L'intreccio fra mitologia e cosmologia che caratterizza tale figura riguarda un periodo molto esteso che, almeno in Europa, va dal 35.000 a.C. al 3.000 a.C. circa, permanendo in talune aree del Mediterraneo come Creta fino al II millennio a.C. inoltrato. Trattandosi del resto di un principio dalla valenza universale, non c'è civiltà della storia umana che non abbia attribuito alla maternità una sua qualità divina.[2]
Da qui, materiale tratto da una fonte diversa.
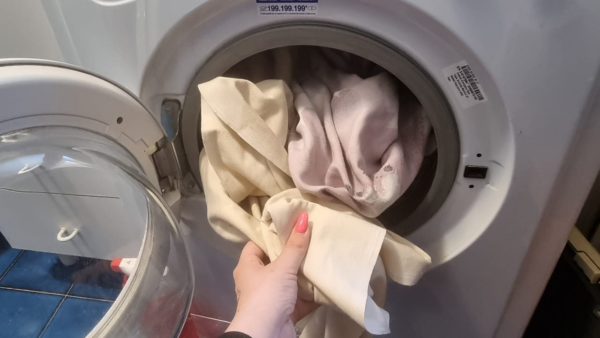 Lençóis, como não amassar na máquina de lavar: o segredo das lavanderias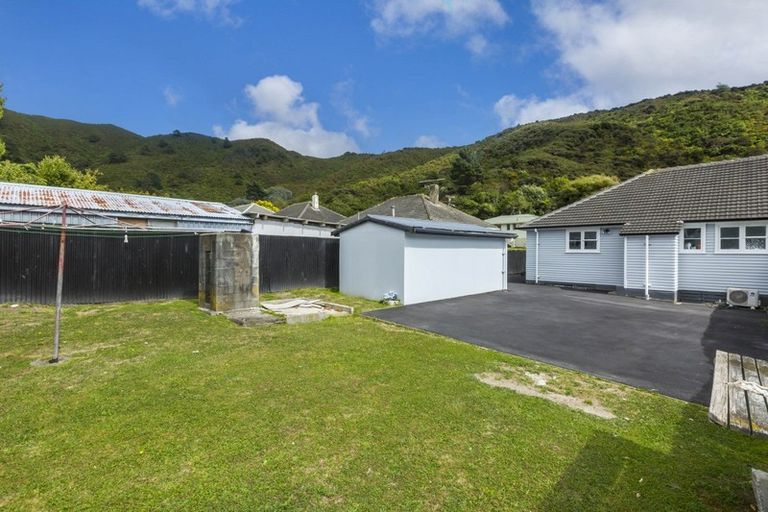 Photo of property in 68 Judd Crescent, Naenae, Lower Hutt, 5011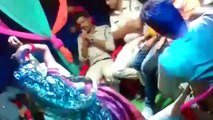 MP: सतना में बार-बालाओं के फूहड़ डांस का लुत्फ उठा रहे थे पुलिसकर्मी, महंगी पड़ी Dance की महफिल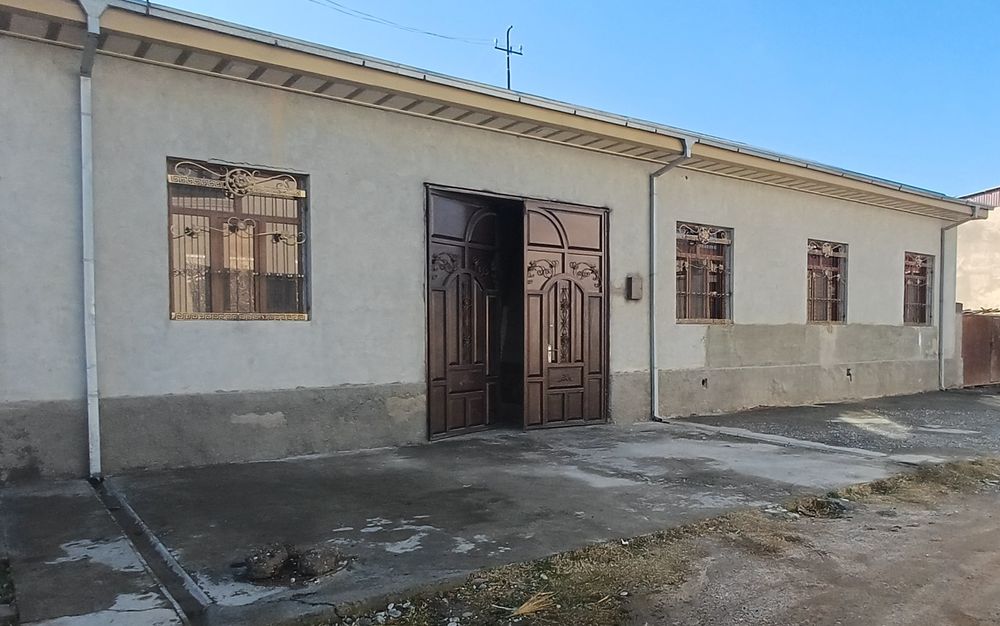 Katta yerli, qulay hovli — zudlik bilan sotiladi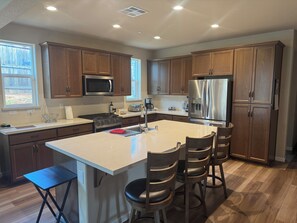 Frigorífico y horno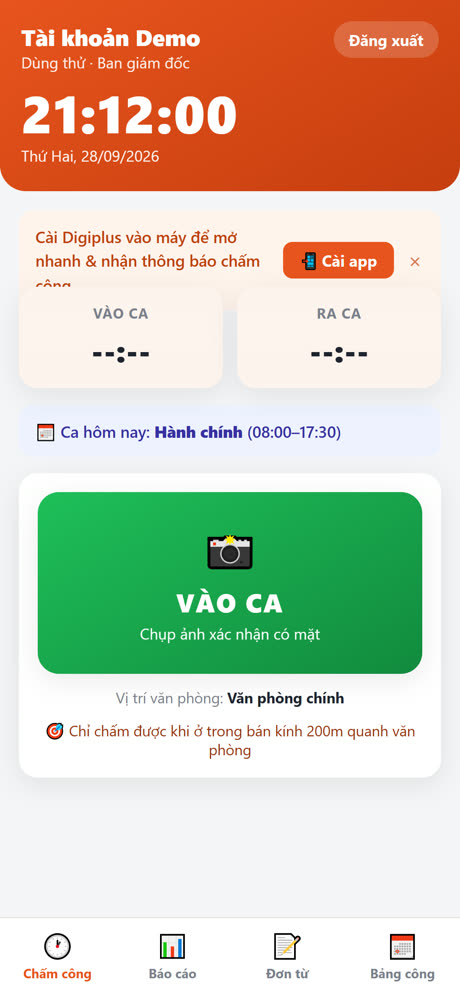 Màn hình chấm công trên điện thoại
L'antropologo James Frazer, autore de Il ramo d'oro, ha sostenuto come ogni forma di culto incentrato su queste numerose tipologie di Dea Madre, in Europa e nell'area dell'Egeo, avesse avuto origine nelle società matriarcali pre-indo-neolitiche europee, e quindi che vi fosse una sostanziale equivalenza fra queste dee adorate in luoghi e tempi diversi.

La tesi che le varie divinità femminili adattabili alla concezione antropologica moderna di Dea Madre fossero intercambiabili, utile in ogni caso in ambito mitografico, è stata oggetto di dibattito da parte di autori come Robert Graves, Johann Jakob Bachofen, Joseph Campbell, Jane Ellen Harrison, Marija Gimbutas, Walter Burkert, ed altri.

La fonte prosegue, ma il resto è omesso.